Личность, однако, может не поддаться панике тех, кто уже пустился наутек, потому что она уже пережила ужас. Она доросла до понимания нового и стала (ненамеренно и невольно) лидером.
Конечно, все люди похожи друг на друга, в противном случае они не впадали бы в одно и то же безумие; и, наверное, психическое основание, на котором покоится индивидуальное сознание, универсально-однородно, иначе люди никогда не смогли бы друг друга понять. Потому-то и в этом смысле тоже личность и ее своеобразный душевный склад не являются чем-то абсолютно неповторимым и единственным в своем роде. Неповторимость важна только для индивидуальности личности, как она важна для всякой индивидуальности. Стать личностью — это вовсе не прерогатива гениального человека. Да, он может быть гениальным, однако он не обязательно будет личностью. Поскольку каждый индивид имеет свой собственный, данный ему от рождения закон жизни, постольку у каждого есть теоретическая возможность следовать прежде всего этому закону и таким образом стать личностью, т. е. достичь целостности. Но так как все живое существует только в форме живых особей, т. е. индивидов, то и закон жизни в конечном счете нацелен на индивидуально проживаемую жизнь. Хотя объективно-психическое (которое, в сущности, и нельзя помыслить иначе как универсальную однородную данность) означает одну и ту же психическую предпосылку для всех людей, оно все же должно индивидуироваться, потому что у него нет другого выбора, кроме выражения себя через отдельного индивида. Иначе оно охватит группу и затем естественным образом приведет к катастрофе — и лишь по той простой причине, что действует только бессознательно, не ассимилируется сознанием и подчиняется всем другим, уже имеющимся условиям жизни.

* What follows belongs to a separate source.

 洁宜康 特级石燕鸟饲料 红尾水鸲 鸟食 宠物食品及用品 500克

Только тот, кто сознательно может сказать "да" силе предстающего перед ним внутреннего предназначения, становится личностью; тот же, кто ему уступает, становится добычей слепого потока событий и уничтожается. В том и состоит величие и искупительный подвиг всякой настоящей личности, что она добровольно приносит себя в жертву своему предназначению и осознанно переводит в свою индивидуальную действительность то, что могло бы привести только к погибели, продолжая жить бессознательною жизнью в группе.

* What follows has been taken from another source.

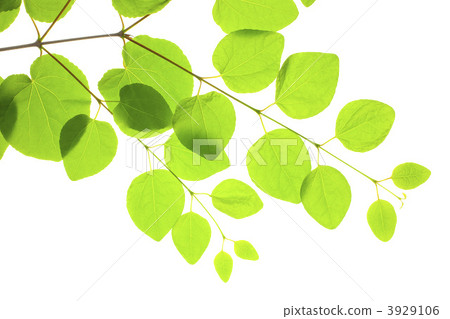 Fresh green of wig 3929106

Один из блистательнейших примеров жизни и смысла личности, который нам сохранила история, — жизнь Христа. Антипод римской мании величия, которая была свойственна не только Цезарю, но и каждому римлянину — "Я — гражданин Рима", — возник в христианстве, которое, заметим между прочим, было единственной религией, действительно подвергавшейся преследованиям со стороны римлян. Противоречие обнаруживало себя везде, где бы ни сталкивались друг с другом культ цезарей и христианство. Однако, как мы знаем по свидетельствам Евангелий о душевном становлении личности Христа, это противоречие играло решающую роль также в душе основоположника христианской религии. История с искушением отчетливо показывает нам, с какой психической силой столкнулся Христос: это была дьявольская сила той современной ему психологии, которая в пустыне вводила его в серьезное искушение. Этим дьяволом было объективно-психическое, которое держало под своими чарами все народы Римской империи; потому-то он и обещал Иисусу все царствие земное, как бы намереваясь сделать его Цезарем. Следуя внутреннему голосу, своему предназначению и призванию, Иисус добровольно подверг себя припадку имперского безумия, которое владело всеми — и победителями, и побежденными. Тем самым он познал природу объективно-психического, повергшего весь мир в страдание и вызвавшего страстное желание избавления, которое нашло выражение и у языческих писателей. Он не подавлял этот душевный припадок, которому подвергся сознательно, но и ему не дал себя подавить, а ассимилировал его. И так повелевающий миром Цезарь трансформировался в духовное царство, а Римская империя — в универсальное и неземное Царствие Божье. Там, где весь еврейский народ ожидал в качестве мессии столь же имперского, сколь и политически всесильного героя, Христос выполнил мессианское предназначение не столько для своей нации, сколько для романского мира, и указал человечеству на древнюю истину: там, где господствует сила, нет любви, а там, где господствует любовь, сила не имеет значения. Религия любви была точной психологической контрмерой против римского шабаша силы.